Jörg Tiedemann is professor of language technology at the Department of Digital Humanities at the University of Helsinki. He received his PhD in computational linguistics for work on bitext alignment and machine translation from Uppsala University before moving to the University of Groningen for 5 years of post-doctoral research on question answering and information extraction. His main research interests are connected with massively multilingual data sets and data-driven natural language processing and he currently runs an ERC-funded project on representation learning and natural language understanding.

Talk: Democratizing Machine Translation with OPUS and OPUS-MT

The demand for translation is ever growing and this trend will not stop. Being able to access the same kind of information is a fundamental prerequisite for equality in society and translation plays a crucial role when fighting discrimination based on language barriers. Efficient tools and a better coverage of the linguistic diversity in the World are necessary to cope with the amount of material that needs to be handled. Our mission is to support the development of high quality tools for automatic and computer-assisted translation by providing open services and resources that are independent of commercial interests and profit-driven companies. Equal information access is a human right and not only a privilege for people who can pay for it. In this talk I will discuss the current state of OPUS-MT, our project on open neural machine translation and the challenges that we try to tackle with multilingual NLP, transfer learning and data augmentation. I will report about on-going work on knowledge distillation, the creation of compact models for real-time translation and our work on modularization of neural MT.

Darja Fišer
Institute of Contemporary History, Ljubljana

Bio

Darja Fišer is Executive Director of CLARIN. She has a background in corpus linguistics and language resource creation. She has been Associate Professor at the Faculty of Arts, University of Ljubljana, since 2019, Senior Research Fellow at the Institute of Contemporary History since 2021, and is leading the new national research programme for Digital Humanities in Slovenia. She is also serving as a member of the Scientific Advisory Board of the Austrian Centre for Digital Humanities at the Austrian Academy of Sciences, the National Interdisciplinary Research E-Infrastructure for Bulgarian Language and Cultural Heritage Resources and Technologies, and the Czech National Corpus research infrastructure of the Institute of the Czech National Corpus at Charles University.

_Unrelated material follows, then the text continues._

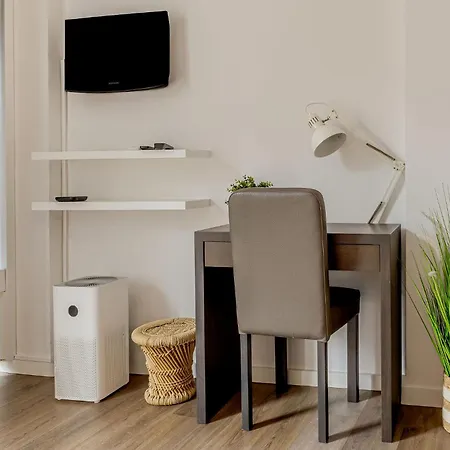Samasal Trindade Διαμέρισμα Πόρτο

Talk: The role of the CLARIN research infrastructure in the era of data-intensive language studies

Advances in digitization and datafication have been transformative for linguistics and other disciplines that work with language materials. This has increased the need for research infrastructures that supports the development, documentation, archiving, dissemination, reuse and citation of language resources and tools which is prerequisite for verifiable and reproducible research. In this talk I will present the recent achievements and ongoing work of the CLARIN research infrastructure which is based on the Open Science paradigm and FAIR data principles. It provides easy and sustainable access to digital language data and offers advanced tools to discover, explore, annotate, analyse, and combine such datasets, wherever they are located. This is enabled through a networked federation of centres: language data repositories, service centres, and knowledge centres with single sign-on access for all members of the academic community in all participating countries. Tools, data and metadata from different centres are interoperable so that data collections can be combined and tools from different sources can be chained to perform operations at different levels of complexity.